などということを冷静に考えられはじめたのは、何度目かの鑑賞からで、最初に見たときは、たしかに三銃士の原作ファンとしてはうれしくて幸福で、好きで満足したものの、それ以上に、アラミスとダルタニアンの、つまりジェレミー・アイアンズとガブリエル・バーンの、あまりといえばあんまりな、ぬけぬけすぎる大芝居ぶりに、はっきり言って座席で腰をぬかしてました。

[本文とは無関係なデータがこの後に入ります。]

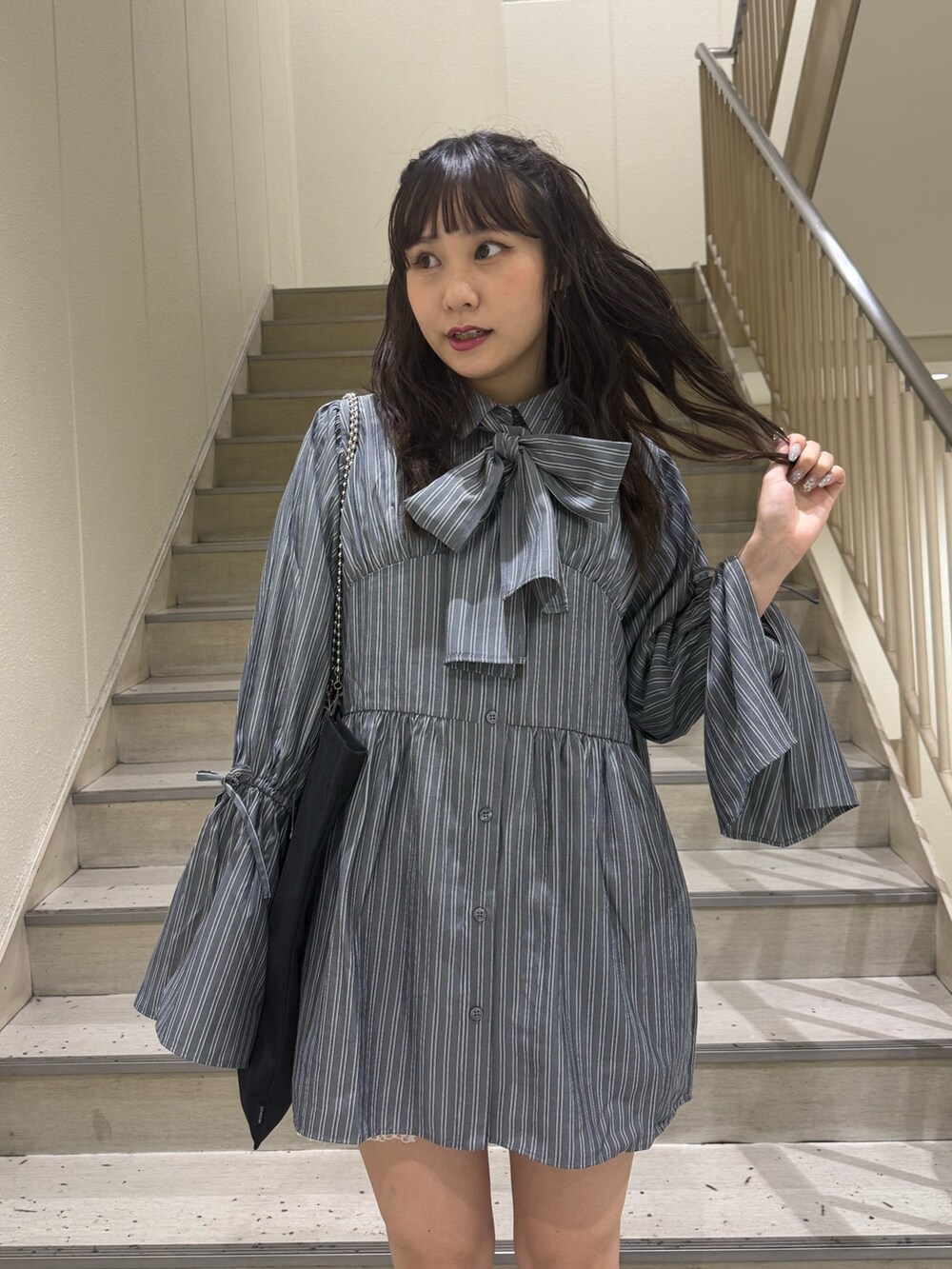 グレー系のシャツ/ブラウス、ブラック系のトートバッグ、ブルー系のブーツを着用したレディースの夏コーディネートの6枚目の写真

まー、アイアンズはねー、たいがいおかしな役ばっかりやる人ですが、逆にだから、ある程度は何をやっても驚かないって要素もあるんですが、バーンの方はねー、もともとあまり出演作もない人ですが、私が見てたのは、「ユージュアル・サスペクツ」とか「ミラーズ・クロッシング」とか、そんなんで、私の好みには合うけれど、基本的に渋くて地味で売ってる人と思ってた。思ってたって、実際そうでしたよね、たしか。

ついでに、どうせ何がどうなったって本人の目にはいるわけないんだから、天をおそれぬ暴言を吐くと、私はバーンは演技は下手ではないまでも、そんなに上手と思ったことない。本人も多分そのことわかっていて(よう書くなー、われながら)、だから抑えたというか、ボロを出さない程度で、自分の魅力を生かす感じの演技でいつも流してると、漠然と思ってた。この印象は、ちょっと山口百恵の演技に近いかもしれない。ものたりないと言えばそうだけど、その淡白さがまー私の趣味としては、邪魔にならんし快適だった。

ダルタニャンの演技も、基本的にはそうだったとは思うんだけど、それはそれとして、「ようまあ、あんたが、こんなことできるなー。恥ずかしげもなく、照れもせず(そりゃ役者だから、あたりまえだが)」と唖然としたのは事実である。
私はそのころ、映画マニアの若いやつに、「仮面の男」を紹介したとき、「信じられるかー、あのガブリエル・バーンがだぞー、白いウマに乗って、赤いバラ持って恋人に会いに来たりするんだぞー」と言って聞かせて、彼は「ウソだー、ウソだー」と、畳の上をころげまわってのたうちまわってた(ちなみに彼は、その後見て、いたく気に入り、「あの煙の中から、ぼわあっと四人が現れてくるとこなんて鳥肌ものだ」とか言ってて、「ディカプリオファンには、見るなと言っています」と、まじめな顔で言っていた)。

うーん、もう少しつづきそう。って、こんな調子じゃ終わりようがないよー。